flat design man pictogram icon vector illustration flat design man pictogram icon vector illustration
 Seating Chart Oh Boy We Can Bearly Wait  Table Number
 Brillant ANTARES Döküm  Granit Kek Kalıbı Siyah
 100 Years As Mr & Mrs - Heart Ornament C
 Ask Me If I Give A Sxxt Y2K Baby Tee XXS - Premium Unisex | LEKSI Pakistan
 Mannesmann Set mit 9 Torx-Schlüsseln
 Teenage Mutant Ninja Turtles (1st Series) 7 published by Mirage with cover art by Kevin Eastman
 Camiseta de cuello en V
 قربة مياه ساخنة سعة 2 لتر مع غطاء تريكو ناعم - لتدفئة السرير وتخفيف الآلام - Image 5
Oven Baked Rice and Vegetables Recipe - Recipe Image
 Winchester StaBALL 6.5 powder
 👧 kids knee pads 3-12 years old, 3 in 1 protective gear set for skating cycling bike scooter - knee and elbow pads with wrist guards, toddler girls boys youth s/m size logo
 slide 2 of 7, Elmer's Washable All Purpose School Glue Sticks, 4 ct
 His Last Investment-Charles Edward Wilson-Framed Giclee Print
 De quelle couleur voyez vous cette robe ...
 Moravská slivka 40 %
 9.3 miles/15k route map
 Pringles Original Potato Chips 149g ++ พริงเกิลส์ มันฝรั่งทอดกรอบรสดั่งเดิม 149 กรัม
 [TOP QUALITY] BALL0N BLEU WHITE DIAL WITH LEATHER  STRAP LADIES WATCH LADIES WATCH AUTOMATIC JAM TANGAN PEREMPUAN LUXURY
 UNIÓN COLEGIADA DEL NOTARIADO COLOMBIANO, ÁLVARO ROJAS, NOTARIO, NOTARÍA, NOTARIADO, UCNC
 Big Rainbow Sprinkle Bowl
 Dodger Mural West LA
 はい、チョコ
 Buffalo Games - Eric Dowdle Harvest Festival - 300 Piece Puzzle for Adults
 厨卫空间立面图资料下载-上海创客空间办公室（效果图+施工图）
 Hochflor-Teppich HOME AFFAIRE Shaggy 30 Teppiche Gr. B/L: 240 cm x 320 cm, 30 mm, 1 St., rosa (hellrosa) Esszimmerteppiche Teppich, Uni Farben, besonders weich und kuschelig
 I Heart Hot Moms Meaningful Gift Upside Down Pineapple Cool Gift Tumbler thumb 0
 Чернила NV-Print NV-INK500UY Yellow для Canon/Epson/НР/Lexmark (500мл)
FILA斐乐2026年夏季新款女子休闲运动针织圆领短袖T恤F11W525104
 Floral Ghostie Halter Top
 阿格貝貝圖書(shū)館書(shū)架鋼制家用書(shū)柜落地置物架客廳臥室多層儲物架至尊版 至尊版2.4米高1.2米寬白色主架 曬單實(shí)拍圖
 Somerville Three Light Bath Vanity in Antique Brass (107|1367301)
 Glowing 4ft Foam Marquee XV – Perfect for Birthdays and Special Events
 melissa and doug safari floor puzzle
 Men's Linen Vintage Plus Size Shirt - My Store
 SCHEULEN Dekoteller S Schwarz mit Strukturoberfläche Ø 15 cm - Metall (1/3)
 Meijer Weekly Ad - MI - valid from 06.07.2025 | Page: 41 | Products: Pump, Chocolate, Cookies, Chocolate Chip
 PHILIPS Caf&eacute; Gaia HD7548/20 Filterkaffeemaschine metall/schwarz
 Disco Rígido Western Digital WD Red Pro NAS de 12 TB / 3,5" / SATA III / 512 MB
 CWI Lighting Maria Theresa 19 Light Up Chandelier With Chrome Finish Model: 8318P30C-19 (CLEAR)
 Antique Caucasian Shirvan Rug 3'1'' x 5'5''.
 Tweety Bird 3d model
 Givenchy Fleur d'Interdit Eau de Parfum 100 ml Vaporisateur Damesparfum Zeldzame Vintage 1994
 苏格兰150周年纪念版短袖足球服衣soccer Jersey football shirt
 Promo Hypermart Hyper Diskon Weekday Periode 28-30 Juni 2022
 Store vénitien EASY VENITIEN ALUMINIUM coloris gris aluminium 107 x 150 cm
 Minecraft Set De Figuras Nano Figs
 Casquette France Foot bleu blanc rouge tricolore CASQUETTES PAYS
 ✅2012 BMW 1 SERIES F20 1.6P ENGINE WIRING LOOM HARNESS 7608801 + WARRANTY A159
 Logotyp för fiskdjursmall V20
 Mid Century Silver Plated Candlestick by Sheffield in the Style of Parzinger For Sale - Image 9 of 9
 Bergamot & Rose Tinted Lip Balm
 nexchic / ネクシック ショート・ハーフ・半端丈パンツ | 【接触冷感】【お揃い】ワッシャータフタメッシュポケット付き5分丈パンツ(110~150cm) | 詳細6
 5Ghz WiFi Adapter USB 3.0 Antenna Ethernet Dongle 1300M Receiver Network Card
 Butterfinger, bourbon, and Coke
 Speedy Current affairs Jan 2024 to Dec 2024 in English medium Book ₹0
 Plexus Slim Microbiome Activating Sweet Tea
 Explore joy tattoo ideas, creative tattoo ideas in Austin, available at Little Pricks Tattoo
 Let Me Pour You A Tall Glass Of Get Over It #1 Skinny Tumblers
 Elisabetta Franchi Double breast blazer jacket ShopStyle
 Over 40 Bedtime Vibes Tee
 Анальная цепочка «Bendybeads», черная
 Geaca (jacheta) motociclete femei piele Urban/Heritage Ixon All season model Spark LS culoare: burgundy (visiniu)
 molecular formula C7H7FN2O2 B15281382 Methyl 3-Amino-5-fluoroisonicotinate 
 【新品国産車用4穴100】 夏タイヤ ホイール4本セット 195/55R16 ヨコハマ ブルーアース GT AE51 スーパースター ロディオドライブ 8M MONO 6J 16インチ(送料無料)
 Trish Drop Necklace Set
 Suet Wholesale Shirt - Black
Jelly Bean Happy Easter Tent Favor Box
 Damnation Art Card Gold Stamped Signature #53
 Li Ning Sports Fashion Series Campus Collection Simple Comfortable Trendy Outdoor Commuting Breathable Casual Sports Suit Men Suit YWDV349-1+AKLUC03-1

★ ★ ★ ★ ★

Problem statement: Output the listing in full. Leave every line unchanged.

Expected output:
flat design man pictogram icon vector illustration flat design man pictogram icon vector illustration
 Seating Chart Oh Boy We Can Bearly Wait  Table Number
 Brillant ANTARES Döküm  Granit Kek Kalıbı Siyah
 100 Years As Mr & Mrs - Heart Ornament C
 Ask Me If I Give A Sxxt Y2K Baby Tee XXS - Premium Unisex | LEKSI Pakistan
 Mannesmann Set mit 9 Torx-Schlüsseln
 Teenage Mutant Ninja Turtles (1st Series) 7 published by Mirage with cover art by Kevin Eastman
 Camiseta de cuello en V
 قربة مياه ساخنة سعة 2 لتر مع غطاء تريكو ناعم - لتدفئة السرير وتخفيف الآلام - Image 5
Oven Baked Rice and Vegetables Recipe - Recipe Image
 Winchester StaBALL 6.5 powder
 👧 kids knee pads 3-12 years old, 3 in 1 protective gear set for skating cycling bike scooter - knee and elbow pads with wrist guards, toddler girls boys youth s/m size logo
 slide 2 of 7, Elmer's Washable All Purpose School Glue Sticks, 4 ct
 His Last Investment-Charles Edward Wilson-Framed Giclee Print
 De quelle couleur voyez vous cette robe ...
 Moravská slivka 40 %
 9.3 miles/15k route map
 Pringles Original Potato Chips 149g ++ พริงเกิลส์ มันฝรั่งทอดกรอบรสดั่งเดิม 149 กรัม
 [TOP QUALITY] BALL0N BLEU WHITE DIAL WITH LEATHER  STRAP LADIES WATCH LADIES WATCH AUTOMATIC JAM TANGAN PEREMPUAN LUXURY
 UNIÓN COLEGIADA DEL NOTARIADO COLOMBIANO, ÁLVARO ROJAS, NOTARIO, NOTARÍA, NOTARIADO, UCNC
 Big Rainbow Sprinkle Bowl
 Dodger Mural West LA
 はい、チョコ
 Buffalo Games - Eric Dowdle Harvest Festival - 300 Piece Puzzle for Adults
 厨卫空间立面图资料下载-上海创客空间办公室（效果图+施工图）
 Hochflor-Teppich HOME AFFAIRE Shaggy 30 Teppiche Gr. B/L: 240 cm x 320 cm, 30 mm, 1 St., rosa (hellrosa) Esszimmerteppiche Teppich, Uni Farben, besonders weich und kuschelig
 I Heart Hot Moms Meaningful Gift Upside Down Pineapple Cool Gift Tumbler thumb 0
 Чернила NV-Print NV-INK500UY Yellow для Canon/Epson/НР/Lexmark (500мл)
FILA斐乐2026年夏季新款女子休闲运动针织圆领短袖T恤F11W525104
 Floral Ghostie Halter Top
 阿格貝貝圖書(shū)館書(shū)架鋼制家用書(shū)柜落地置物架客廳臥室多層儲物架至尊版 至尊版2.4米高1.2米寬白色主架 曬單實(shí)拍圖
 Somerville Three Light Bath Vanity in Antique Brass (107|1367301)
 Glowing 4ft Foam Marquee XV – Perfect for Birthdays and Special Events
 melissa and doug safari floor puzzle
 Men's Linen Vintage Plus Size Shirt - My Store
 SCHEULEN Dekoteller S Schwarz mit Strukturoberfläche Ø 15 cm - Metall (1/3)
 Meijer Weekly Ad - MI - valid from 06.07.2025 | Page: 41 | Products: Pump, Chocolate, Cookies, Chocolate Chip
 PHILIPS Caf&eacute; Gaia HD7548/20 Filterkaffeemaschine metall/schwarz
 Disco Rígido Western Digital WD Red Pro NAS de 12 TB / 3,5" / SATA III / 512 MB
 CWI Lighting Maria Theresa 19 Light Up Chandelier With Chrome Finish Model: 8318P30C-19 (CLEAR)
 Antique Caucasian Shirvan Rug 3'1'' x 5'5''.
 Tweety Bird 3d model
 Givenchy Fleur d'Interdit Eau de Parfum 100 ml Vaporisateur Damesparfum Zeldzame Vintage 1994
 苏格兰150周年纪念版短袖足球服衣soccer Jersey football shirt
 Promo Hypermart Hyper Diskon Weekday Periode 28-30 Juni 2022
 Store vénitien EASY VENITIEN ALUMINIUM coloris gris aluminium 107 x 150 cm
 Minecraft Set De Figuras Nano Figs
 Casquette France Foot bleu blanc rouge tricolore CASQUETTES PAYS
 ✅2012 BMW 1 SERIES F20 1.6P ENGINE WIRING LOOM HARNESS 7608801 + WARRANTY A159
 Logotyp för fiskdjursmall V20
 Mid Century Silver Plated Candlestick by Sheffield in the Style of Parzinger For Sale - Image 9 of 9
 Bergamot & Rose Tinted Lip Balm
 nexchic / ネクシック ショート・ハーフ・半端丈パンツ | 【接触冷感】【お揃い】ワッシャータフタメッシュポケット付き5分丈パンツ(110~150cm) | 詳細6
 5Ghz WiFi Adapter USB 3.0 Antenna Ethernet Dongle 1300M Receiver Network Card
 Butterfinger, bourbon, and Coke
 Speedy Current affairs Jan 2024 to Dec 2024 in English medium Book ₹0
 Plexus Slim Microbiome Activating Sweet Tea
 Explore joy tattoo ideas, creative tattoo ideas in Austin, available at Little Pricks Tattoo
 Let Me Pour You A Tall Glass Of Get Over It #1 Skinny Tumblers
 Elisabetta Franchi Double breast blazer jacket ShopStyle
 Over 40 Bedtime Vibes Tee
 Анальная цепочка «Bendybeads», черная
 Geaca (jacheta) motociclete femei piele Urban/Heritage Ixon All season model Spark LS culoare: burgundy (visiniu)
 molecular formula C7H7FN2O2 B15281382 Methyl 3-Amino-5-fluoroisonicotinate 
 【新品国産車用4穴100】 夏タイヤ ホイール4本セット 195/55R16 ヨコハマ ブルーアース GT AE51 スーパースター ロディオドライブ 8M MONO 6J 16インチ(送料無料)
 Trish Drop Necklace Set
 Suet Wholesale Shirt - Black
Jelly Bean Happy Easter Tent Favor Box
 Damnation Art Card Gold Stamped Signature #53
 Li Ning Sports Fashion Series Campus Collection Simple Comfortable Trendy Outdoor Commuting Breathable Casual Sports Suit Men Suit YWDV349-1+AKLUC03-1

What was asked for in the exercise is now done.